退治人結社は政からある程度独立している。それでも、有力者の支援がなくても存在できるほどではない。後ろ盾が機嫌を損ねたり、失脚したりで消えていった結社もそれなりにある。
「まあ、依頼内容も件のおっさんからのよりは腑に落ちたからね。被ってるところ以外は新しい依頼を優先する形で話を進めることになったんだ」
「そうですか」
「うん。決行は次の満月でもいいかって質問にも、文句なく同意してくれたし。ということで」
端正な顔に再び苦笑が浮かんだ。
「しばらくは次の退治への準備が主な仕事なんだけど、リツにはまず昨日の件の報告書を作ってもらいたいんだ。ほら、ハクは一緒じゃなかったからさ」
「かしこまりました」
「ありがとう。あとさぁ……、明日の日没までに本部に提出しないといけない書類をすっかり忘れててね。あと三人くらい手伝ってくれる子たちがいると、間一髪で間に合う感じなんだけどなぁ?」
上目遣いに首を傾げる姿に、頭痛がまたしても強くなった。どうやら他の二人も同じらしく、部屋の中に三人分のため息が響いた。

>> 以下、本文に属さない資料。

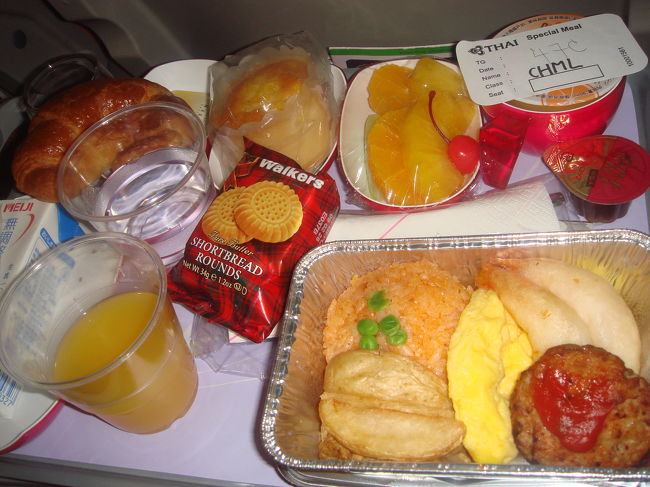 いきなり機内食でＴＧのこれはチャイルドミール。なあにがチャイルドミール！とんでもなく多い。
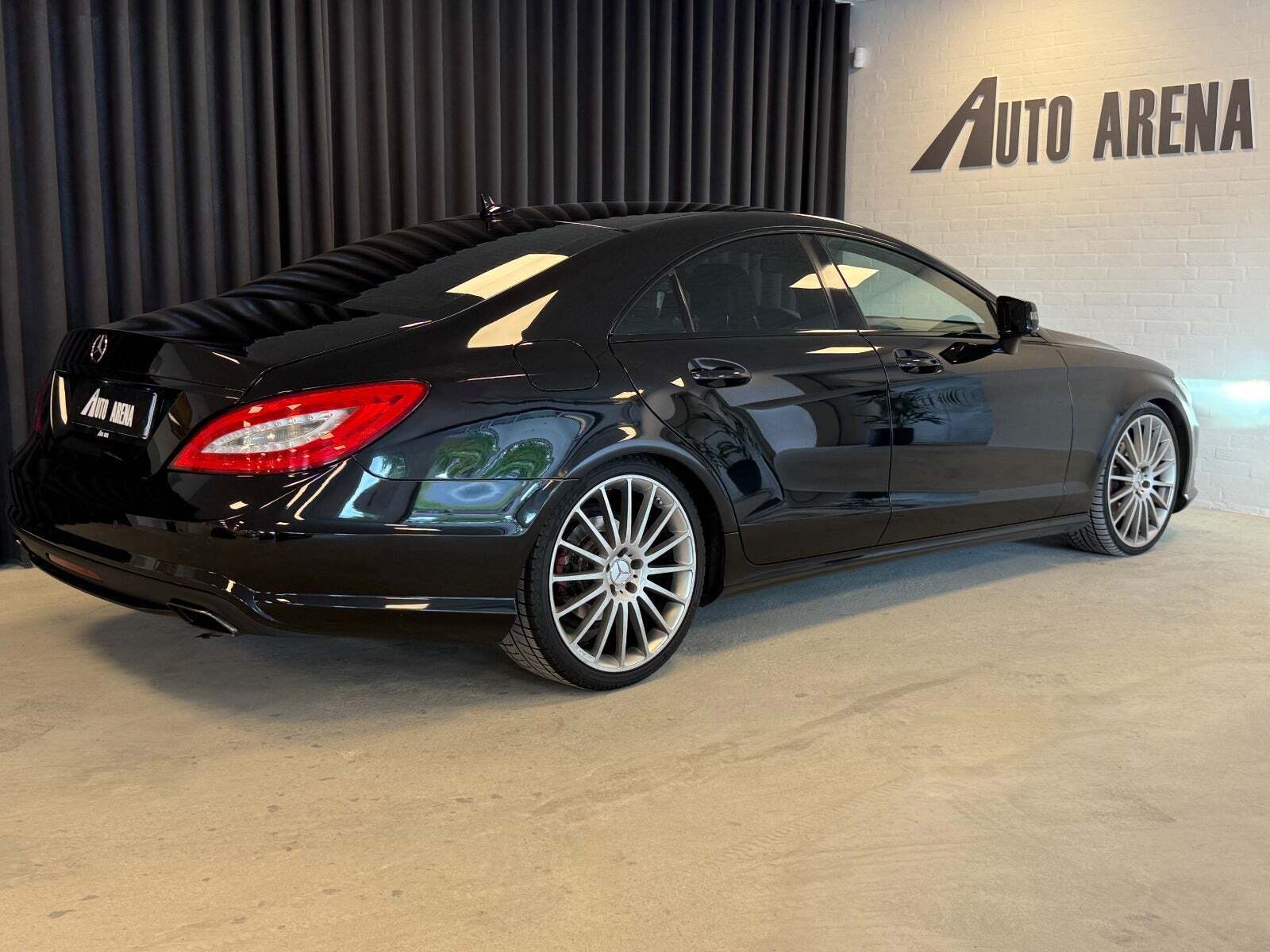 Sort Mercedes CLS350 fra 2011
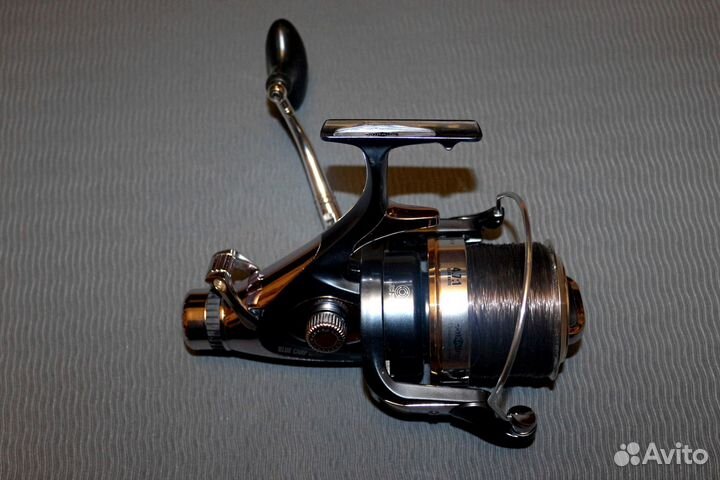 Катушка Mikado blue cfrp 9000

「えっと、副班長、赴任して間もなく、こんな感じで、その、本当に、本っ当に、ごめんなさい!!」
「申し訳ない……。ただ、班長は大体いつもこんな感じだ……。副班長も、早く慣れたほうがいい……」
「分かりました。ただ、今後はなるべくこういうことがないように、日々確認をすることにします」
「ほ、本当ですかっ!?」
「助かる……。すごく……」
部下たちのやりとりを受け、セツは腕を組んで頬を膨らませた。
「ちょっとみんな。それだと、私が悪者みたいじゃないか」
「この件に関しては、完全に極悪人だと思いますよ」
「え? ちょっと待って、リツ。私そこまで酷い!?」
涙目になる上司に冷ややかな視線を送りながら、一同は山積みどころではない量の書類に取り掛かる覚悟を決めた。
※※※
こうして大量の書類に取り掛かることになったリツだが、筆を動かす間ずっと今朝聞いた依頼が頭の片隅に引っかかっていた。
望まぬ相手との結婚。
今回の話では疑わしかったが、そんな話はそこら中にあふれている。
たとえば、突然姉の婚約者と結婚することとなった妹もその一人なのかもしれない。しかも、その相手はすぐに亡くなっている。

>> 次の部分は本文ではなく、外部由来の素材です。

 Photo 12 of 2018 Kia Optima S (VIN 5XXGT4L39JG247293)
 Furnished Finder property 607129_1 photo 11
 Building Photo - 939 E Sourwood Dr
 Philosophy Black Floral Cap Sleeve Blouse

次の話はすぐにくるだろうが、果たしてその相手はまともな者だろうか。
「……」
不意に報告書を書く手が止まり、鋭い目が部屋の隅に置いた文箱に向いた。中にはセツから書類と共に受け取った文ようの紙もしまってある。
「すぐに書き終えるものですから」
言い訳とともに立ち上がり箱から紙を取り出す。そして、妹の幸せを願っていること、こちらはなんとか上手くやっていけそうなことをしたためると、また書類へと筆を戻した。
そうしているうちに日はすっかり落ち、大量の書類はなんとか片付いた。リツは紙の束を抱えながら、セツの部屋へと向かう。
「失礼いたします」
そして、障子を開けた先で見たものは──
「書類を持って……」
「!?」
「……え?」
──艶やかな衣を纏った見知らぬ美女の姿だった。
「し、失礼いたしました!!」
慌て飛び出し障子を閉めると、頭の中が大量の疑問で埋め尽くされた。
部屋を間違えたのだろうか?
それでも、なぜ女性がいる部屋があるのだろうか?
そもそも、あの女性は誰なのだろうか?
下働きをする者……、にしては煌びやかな身なりをしてなかっただろうか?
ならば、考えられることは。
「……まあ、セツ班長は見目麗しい方ですからね」
混乱がやや落ち着き、そこはかとない虚しさが襲ってくる。
夫に正妻ではない懇ろな女性がいることは珍しくない。それが身寄りのない者なら自分の屋敷に引き取り面倒を見る、という話も物語で読んだことがある。それでも。
うん。
やっぱり、いい目をしているね。
鋭くて美しい
「……」
さすがに、結婚の翌日にそんな女性の存在を知りたくはなかった。
「いったん、書類の見直しでもしていましょう」
深いため息を吐きながら、項垂れた後ろ姿が自室に足を進めようとする。まさにそのとき。
「しらべ! 多分、今ものすごい致命的なすれ違いが起きてるから戻ってきて!!」
「……は、い?」
障子越しに慌てた男の声が響いた。部屋の中には女性の姿しかなかったはず。
おそるおそる障子を開き目を凝らすと、化粧を施した顔に見覚えのある苦笑が浮かんでいた。その姿は紛れもなく。